|24th of July 2017|
|Farnes et al.|
The radio source W50 is believed to be a shell-like supernova remnant
which is being re-energized by the jets from the micro-quasar SS433.
Farnes et al. used the Australia Telescope
Compact Array to make a new wide-field image of the source.
In order to cover the whole 2-degree by 3-degree extent of the supernova remnant,
a 198 pointing mosaic was observed, in each of the three most compact
array configurarions (H75, H168 and H214).

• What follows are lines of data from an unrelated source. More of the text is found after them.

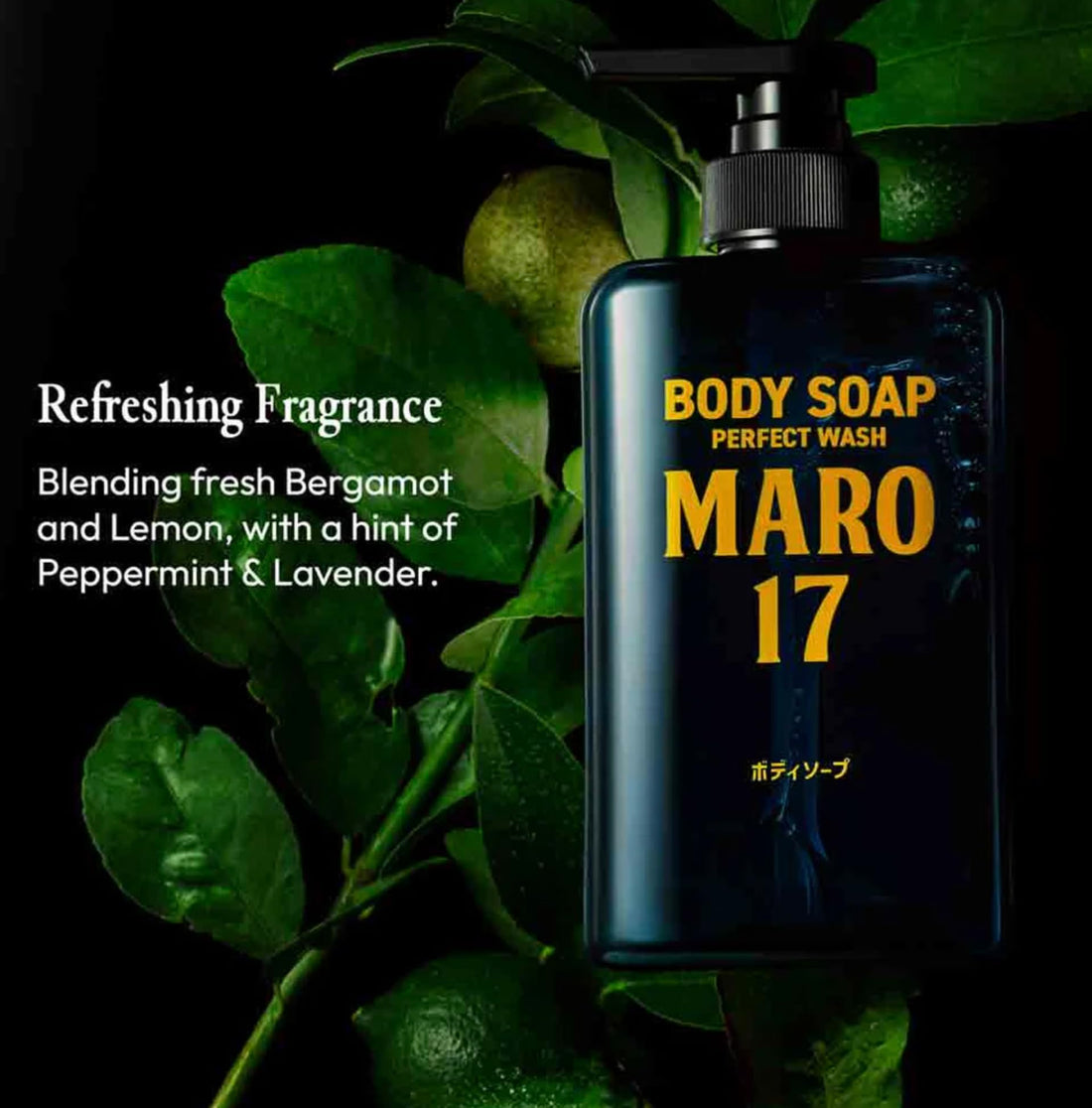 MARO17 MARO17 Body Soap Perfect Wash - Mens Body Wash - Luxurious, Moisturizing Shower Gel - Sulfate Free + Hyaluronic Acid & Collagen for Hydrating Deep Cleanse - Bergamot Fragrance - Gifts for Men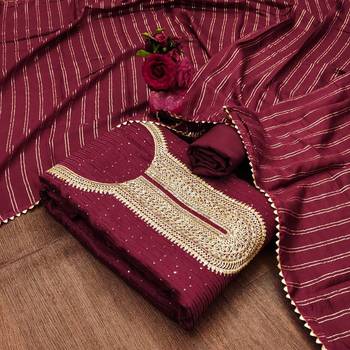 Maroon sequins chanderi dress materials 1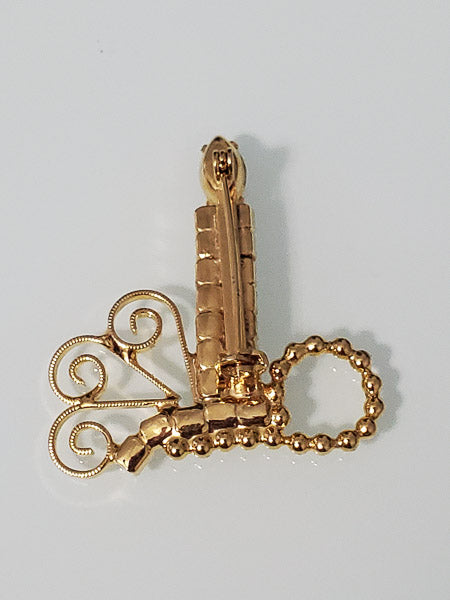 5896-Vintage Rhinestone Candle Brooch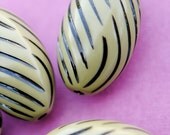 Vintage Avocado Green and Black Striped Lucite Beads, 17x30mm, (2)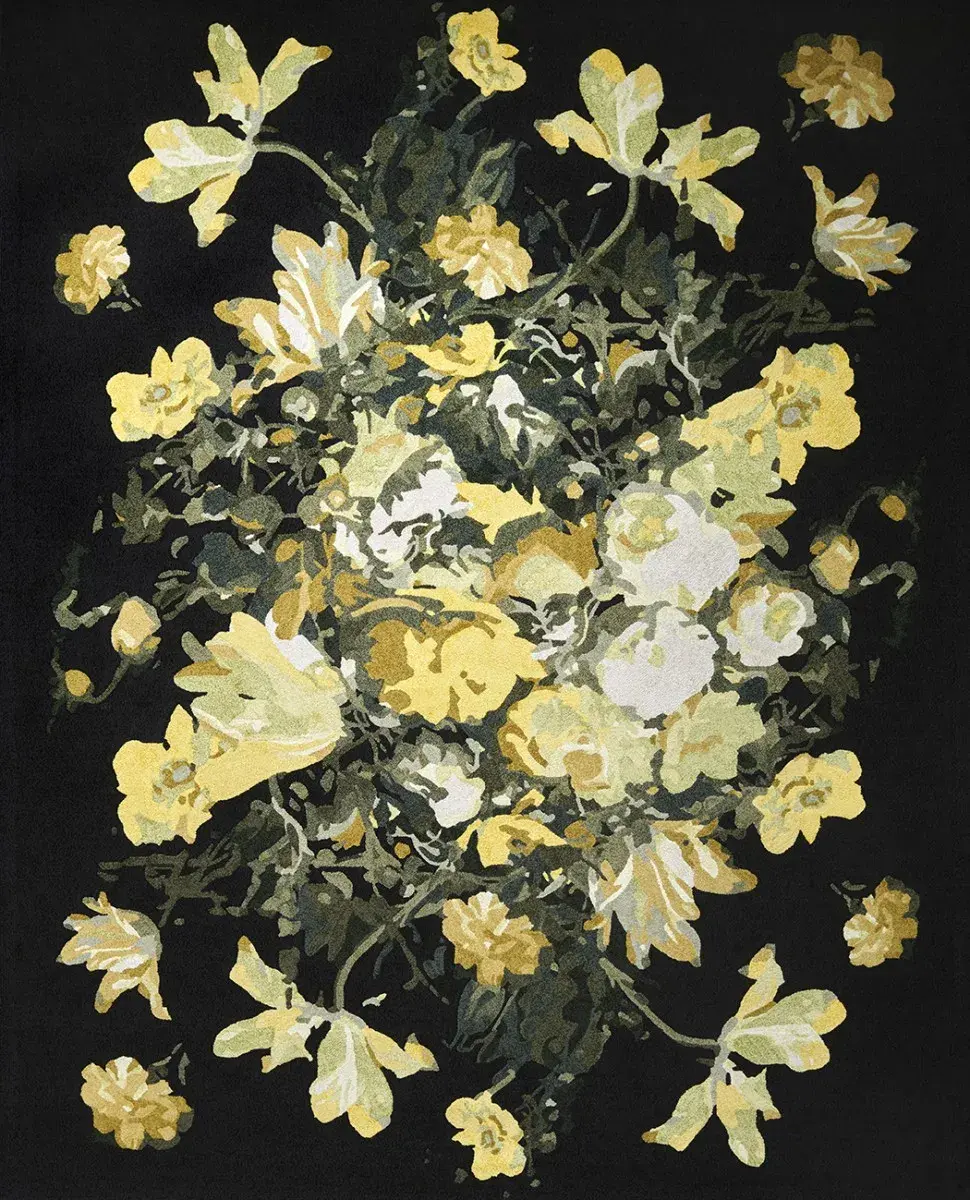 Soraya Rug, hand-tufted floral pattern rug, full view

Using information from the polarisation of the radio emission,
an Rotation Measure gradient is detected
across the central region of W50, which is interpreted as a loop
magnetic field with a symmetry axis offset by about 90 degrees to the east–west
jet-alignment axis, and implying that the evolutionary processes of
both the jets and the supernova remnant must be coupled.|
The image above combines data over the frequency range from 1.4 to 3.1
GHz, with an effective bandwidth of 1.7 GHz. There are artefacts
around bright point sources due to the assumption of zero spectral
index during simultaneous imaging. A negative bowl is visible
surrounding the W50/SS433 system due to the gap in the shortest
(u,v)-spacings. The surrounding field-of-view contains several bright
extragalactic radio sources, and additionally the nearby HII region
S74 to the north-west, and one half of the shell of the Galactic SNR
candidate G38.7-1.4 to the south-west. The microquasar SS433 is
clearly visible as the bright compact source at the approximate
geometric centre of the nebula. The pseudo-colour scale is in units of
jansky per beam. The synthesized beam is shown in green to the lower
The paper describing these results has been published in Monthly Notices of the Royal Astronomical Society, vol. 467, p. 4777.